Now many of the details are memorialized in a memo that spotlights one of the capital’s most curious media operations.
It argues that the bureau is apparently beset by a grievous lack of leadership, a climate of fear, a bloated staff, confusion over editorial marching orders and confusion about standards across various platforms, according to a reporter’s memo to two bosses.
Bloomberg News declined comment.
“Last year’s layoffs coupled with the demotions of several senior political writers have fostered a climate of fear and mistrust that’s particularly acute in the D.C. bureau,” writes Dawn Kopecki, a respected bureau veteran.
“That’s been exacerbated by the leadership void in D.C. and what is viewed in the bureau as a lack of clear direction from New York. Naming a well-respected and experienced journalist who has confidence from N.Y., which we hear you are working on, will be a tremendous help in that regard.”
Kopecki’s lengthy memo states, “People don’t know what editors want any more, they don’t know what kinds of stories are important to pursue. Their own editors don’t know and often won’t allow reporters to pursue certain stories out of fear that they’ll be criticized for not being interesting enough or too “terminal” focused. This leads to a vicious cycle of timidity, discourages aggressive reporting and hampers our ability to break news.”
The memo is written to news executives Josh Tyrangiel and Marty Schenker. Tyrangiel’s accomplishments include the dramatic revival of Business Week magazine (Full disclosure: I wrote a column on policy for him after Bloomberg’s purchase of the magazine).
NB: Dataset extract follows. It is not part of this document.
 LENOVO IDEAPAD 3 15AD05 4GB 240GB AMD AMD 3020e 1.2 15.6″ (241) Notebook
The Bloomberg operation in Washington has been one of the largest, and most puzzling, over the past decade.
In an era of media downsizing, with famous newspapers even down to one person, it has boasted as many as 150 reporters and editors at Bloomberg News alone — in addition to related entities such as its Bloomberg Government (BGOV) service. Like Bloomberg News as a whole, its work has often been superb, even if not gaining nearly as much attention as it might deserve.
But it’s been beset by defections of talented staff, plunging morale among those who stayed, incessant feuding with New York headquarters, mistrust of inconsistent leadership and, most recently, a gaping void in leadership with nobody clearly in charge, according to a variety of sources.
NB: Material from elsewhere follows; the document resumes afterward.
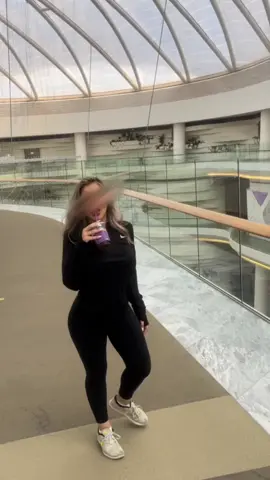 Daily 🏋🏼‍♀️ ..  #uk #الكويت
New editorial leadership in New York is aware of major problems. A small sign came Monday with announcement of a new campaign finance-reporting unit in Washington, a move that follows the exit of a key editor and reporters. Given the bureau’s larger troubles, that represents a small move but one that Kopecki lauds as “a very positive development.”
Her criticisms include what she deems befuddling redundancy.
“In D.C. alone, we have an Economic Analysis team, an Economic U.S. Indicators team and a BI Economics team that’s trying to push ‘Bloomberg Economic Analysis.’ These teams all write on very similar and sometimes the same topics. There’s a lot of “cannibalization and overlap” without an “overall standard, coherent point of view.”
“We also have a Commodities Industry (which covers companies), a Commodities Markets (which covers commodities markets, but not companies), and a Commodities/Energy Editors team in New York. All of these teams write and edit essentially the same issues, but reporting is artificially delineated along absurd lines that don’t make any sense since a reporter covering oil companies has to understand what’s going on with OPEC and vice versa,” she writes.
She then adds, “The same can be said of the Finance team, Financial Crimes team and Financial Regulation teams. We have TWO DOJ reporters, one on the Financial Crimes team who’s technically not allowed to write or report on non-financial crimes and another who’s allowed to write about everything else except for the crimes that our biggest clients commit. Both reporters are very good, but reporting should take you to wherever the story takes you. You shouldn’t feel restricted from asking a source questions about a topic just because you’re not allowed to write about it.”
Kopecki concludes with one final matter: women at Bloomberg.
She claims, “Most of the bureau managers are white men and there are many subtle ways that they exclude or adversely impact women they manage. They leave women off distribution lists, don’t invite them to meetings about subjects directly in their wheelhouse and walk right by them when they are editing stories to ask questions of a team leader instead.”
She concludes, “There is also the sense that these male managers look out for the men on their staff and that may translate into better reviews for them than women, despite metrics and other performance measures. Almost ALL of the political writers who were demoted and/or driven out were women.”